In this exercise, write out the data word for word and leave every image out.

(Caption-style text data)
--------------------------------

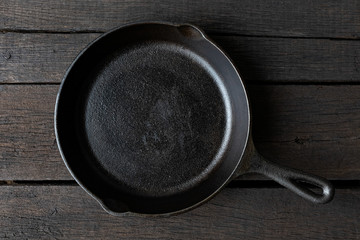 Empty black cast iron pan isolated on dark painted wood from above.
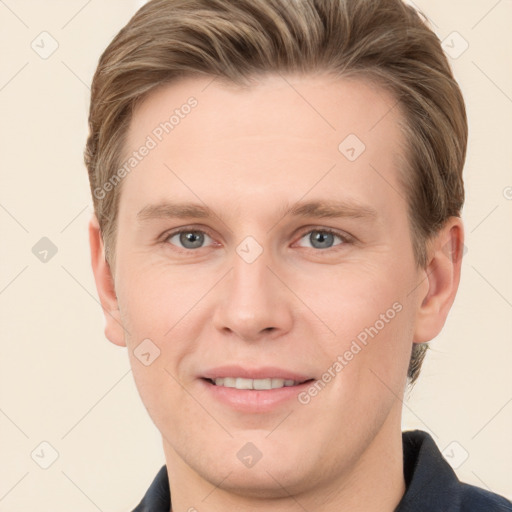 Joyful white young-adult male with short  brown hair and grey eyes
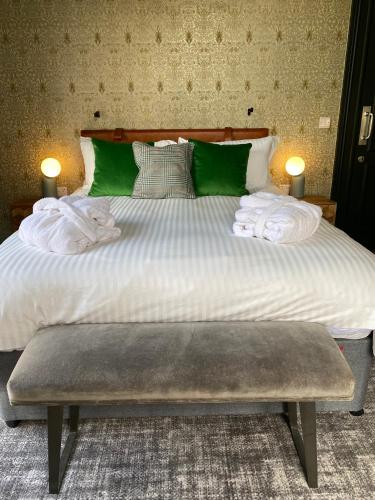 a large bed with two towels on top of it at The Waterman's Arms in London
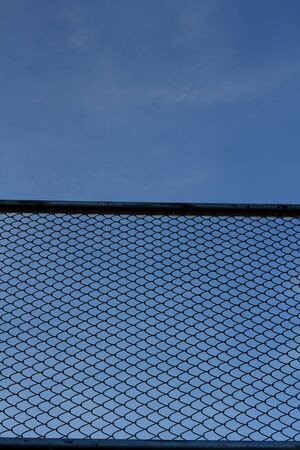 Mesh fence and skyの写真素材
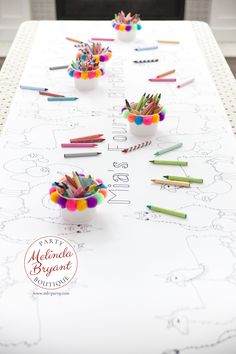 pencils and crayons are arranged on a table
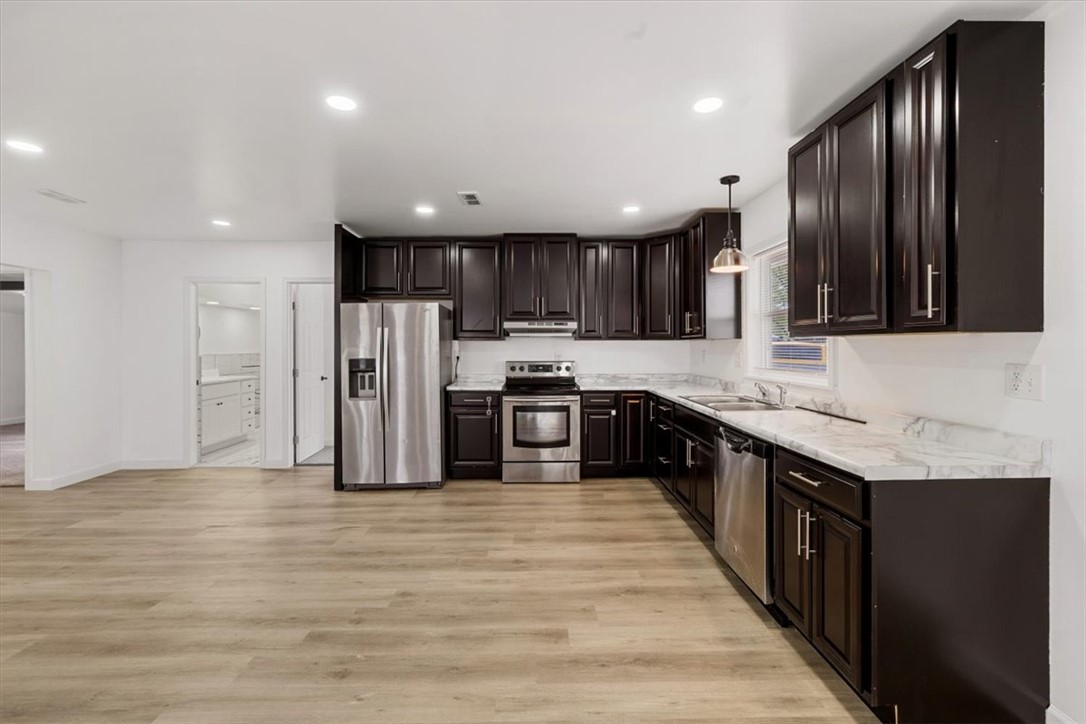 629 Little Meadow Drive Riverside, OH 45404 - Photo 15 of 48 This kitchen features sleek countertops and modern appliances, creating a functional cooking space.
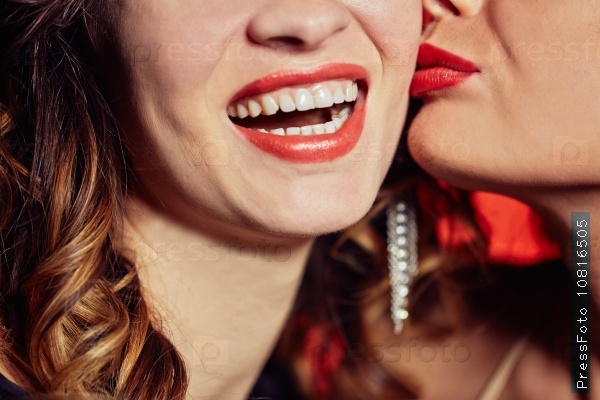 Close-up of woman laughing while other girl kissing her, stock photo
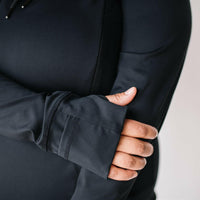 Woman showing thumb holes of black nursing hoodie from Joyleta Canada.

--------------------------------

* [Response area]:
 Empty black cast iron pan isolated on dark painted wood from above.
 Joyful white young-adult male with short  brown hair and grey eyes
 a large bed with two towels on top of it at The Waterman's Arms in London
 Mesh fence and skyの写真素材
 pencils and crayons are arranged on a table
 629 Little Meadow Drive Riverside, OH 45404 - Photo 15 of 48 This kitchen features sleek countertops and modern appliances, creating a functional cooking space.
 Close-up of woman laughing while other girl kissing her, stock photo
 Woman showing thumb holes of black nursing hoodie from Joyleta Canada.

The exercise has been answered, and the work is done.